Michigan’s lower peninsula is famously mitten-shaped, thanks to Saginaw Bay. Twenty miles south of the bay lies the refuge’s impressive 10,000-acre grassland and wetland complex. That complex is part of a larger area called the Shiawassee Flats, which act like a giant funnel where the Cass, Tittabawassee, Shiawassee, and Flint rivers all converge in this low-lying area. 

The flats include the national wildlife refuge, the state game refuge, and surrounding wetland complexes. They serve as an important migratory stopover for tens of thousands of waterbirds. Fish, amphibians and other wildlife also rely on the habitat for breeding grounds, and the area is well known as a recreational paradise for bird watchers, anglers and hunters. 

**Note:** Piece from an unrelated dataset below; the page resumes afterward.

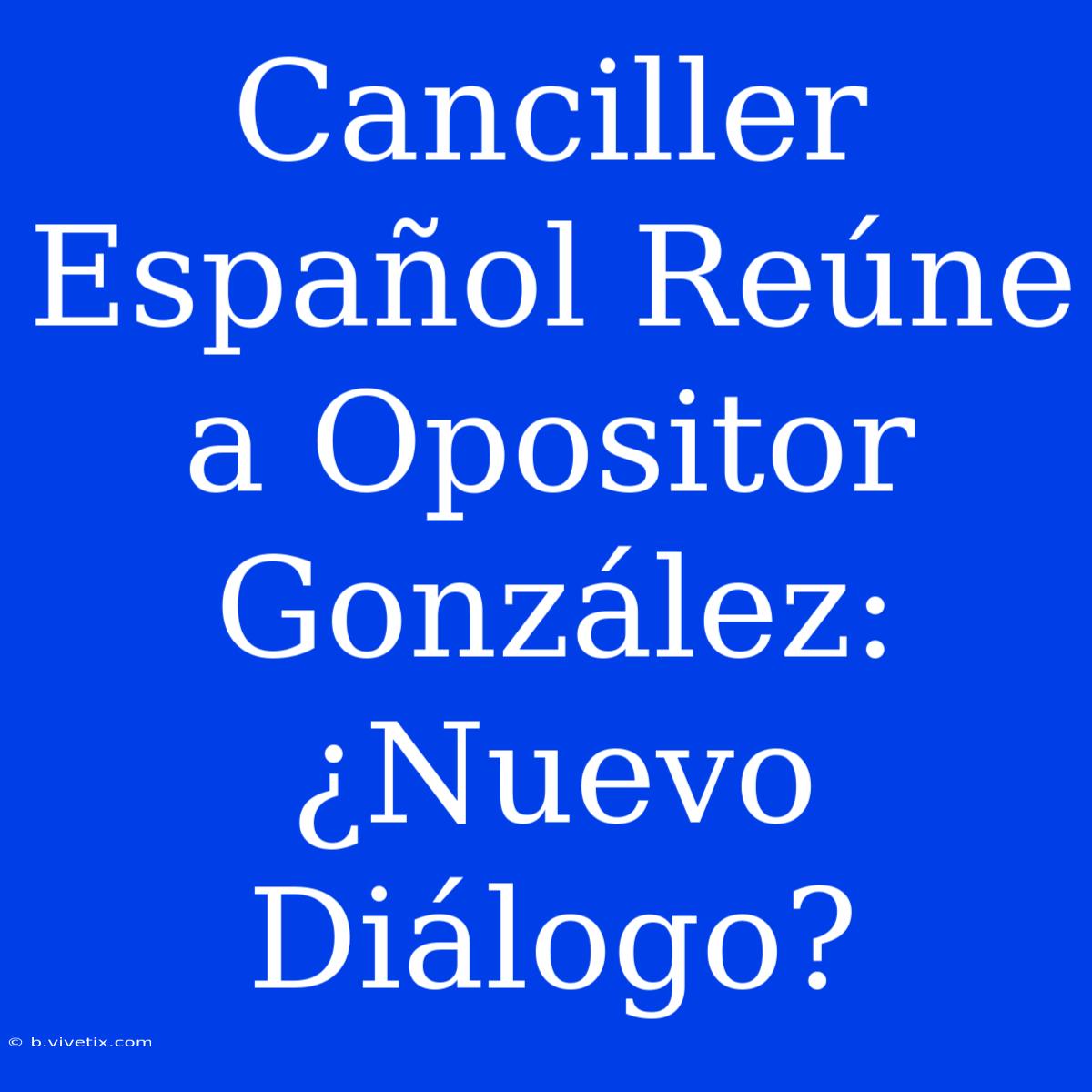 Canciller Español Reúne A Opositor González: ¿Nuevo Diálogo?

Dunton has been working with partners to assist in surveys to better understand the fisheries population of the Saginaw River. U.S. Fish and Wildlife Service, the U.S. Geological Survey, and the University of Michigan School of Natural Resources and Environment have partnered to determine how many fish are in the river and are moving into the refuge. Using sonar detection, the partners have been able to see how many fish are passing through the system. This allows scientists to better understand how aquatic species use the coastal marsh, which is critical to understanding the next steps in the refuge restoration.